Nicht von dieser Welt: So fährt der Maybach unter den Matsch-Giganten. Vielmehr: So könnte er fahren

Er war buchstäblich das dickste Ding auf der Autoshow in Peking in diesem Frühjahr. Denn einen Geländewagen wie den Mercedes-Maybach Ultimate Luxury hat die Welt noch nicht gesehen. Groß und glamourös und bis an die Grenze des guten Geschmacks überzeichnet sind Bentley Bentayga und Rolls-Royce Cullinan auch. Und selbst die 24- Zoll-Räder mit ihrem Turbinen-Design würden wohl noch als gehobener Standard durchgehen. Doch dass mal einer SUV und Limousine kreuzt und der Maybach zum ersten SUV mit Stufenheck wird, das hätte sich so schnell keiner vorgestellt. “Wir kombinieren die beiden weltweit erfolgreichsten Karosseriekonzepte,” sagt Designchef Gorden Wagener und erhofft sich für diese Mischung damit gleich doppelte Chancen.

Dummerweise gibt zweimal Null trotzdem Null – und viel größer sind die Chancen für dieses Auto nicht. Denn dem ohnehin schon endlos langen Namen haben sie in Stuttgart auch noch ein „Vision“ vorausgestellt. Und leider lehrt die Erfahrung, dass daraus so schnell keine Wirklichkeit wird. Zumindest nicht für Selbstzahler, wie reich sie auch sein mögen. Denn so viele Blanco-Schecks auch schon bei Daimler-Chef Dieter Zetsche auf den Tisch geflattert sind mögen, bleibt der rote Riese ein Einzelstück.

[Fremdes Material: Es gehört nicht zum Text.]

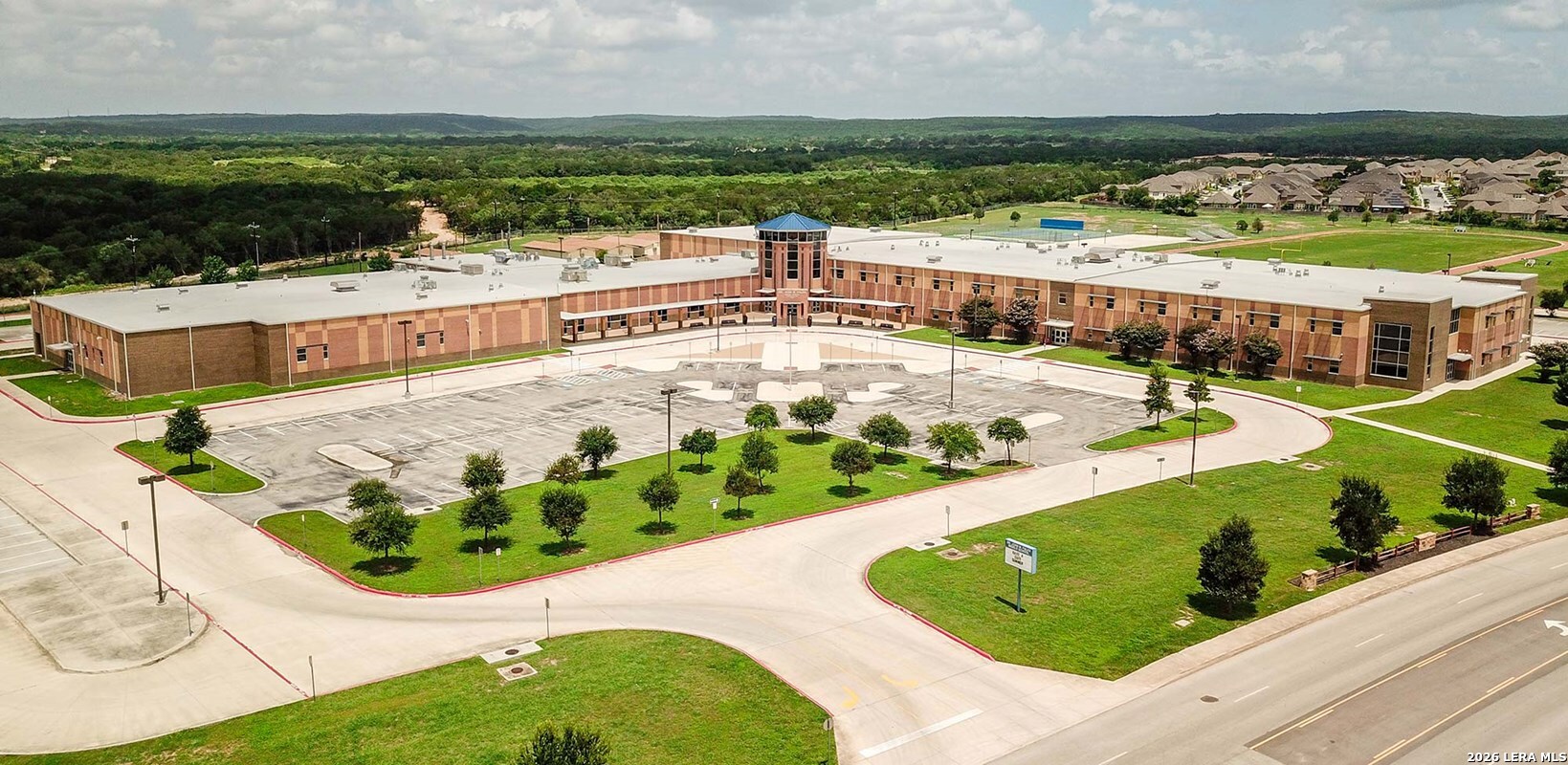 12317 Horowitz San Antonio, TX 78254 - Photo 7 of 7 an aerial view of a swimming pool with an outdoor seating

Doch wenigstens dieses eine Exemplar darf vier Monate nach der Messepremiere in Peking für eine Stippvisite in die Wirklichkeit und sich für ein paar Stunden auf einer realen Straße beweisen. Ihren wichtigsten Zweck erfüllt die SUV-Limousine dort mit Bravour: Sie fällt auf. Egal wo der rote Riese mit dem üppigen Chrom-Ornat stehen bleibt, bilden sich deshalb sofort Menschentrauben um ihn herum, neugierige Nasen pressen sich an die Fenster und es braucht beherzte Helfer, damit man überhaupt wieder losfahren kann. Wenn selbst ein Bentley Bentayga oder ein Rolls-Royce Cullinan in der SUV-Schwemme unterzugehen drohen, könnte der ultimative Maybach für den Matsch für superreiche Selbstdarsteller die richtige Antwort sein.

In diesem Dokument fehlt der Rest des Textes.